The calculations show an increase in the H₂/CO criterion with a decrease in O₂/CH₄ , which can produce an acceptable composition at a lower degree of purification. However, this simultaneously leads to an increase in the concentration of unreacted methane, which results in losses and a decrease in the productivity of the methanol synthesis cycle. Therefore, the working area is 0.6-0.64 for the O₂/CH₄ ratio with a residual CH₄ of no more than 0.5 vol.% (Fig. 3c).

The conversion degree distribution along the reaction zone was obtained. According to these data and considering the predicted mileage of the catalyst and the decrease in its activity during operation, the real amount of the catalyst was estimated as 0.2 m³ at a space velocity of 9850 h^–1.

During a series of calculations, the dependence of mixing homogeneity (the maximum value of the concentration gradient) on the parameters of the device was studied.
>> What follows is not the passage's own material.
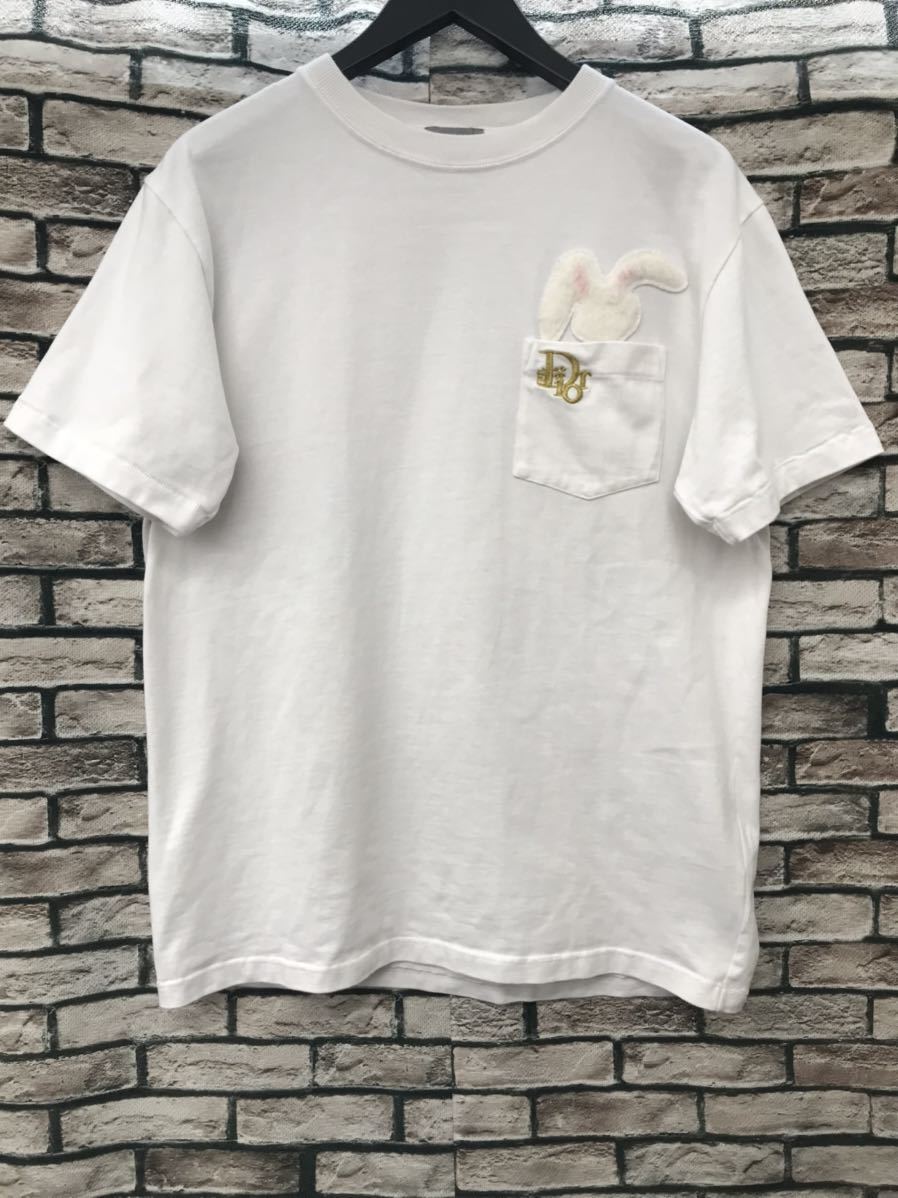 ★DIOR ディオール★313J651A0554 ERL バニーワッペンロゴ刺繍胸ポケットTシャツ_画像1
Optimal values of diameter and number of mixing holes, the angle of inclination of the axes of the holes, and the length of the mixing tube were determined for specific technological conditions of the reactor operation. The results are as follows: the minimum length of the mixing tube is 0.15 m, the number of holes is 5 pcs with a diameter of 2 mm, and the optimal angle of inclination of the hole axis is 15°.

In conclusion, our study not only showed a positive role of CO₂ in biogas for methanol production but also revealed that the optimal concentration of CO₂ in biogas is about 15 vol.%. Moreover, simulations highlighted an important effect of flow homogeneity on the performance of the process indicating the optimal conditions for reacting flow homogeneity. These results open new avenues not only for the design of a compact methanol production unit from biogas but also for biogas utilization in other processes.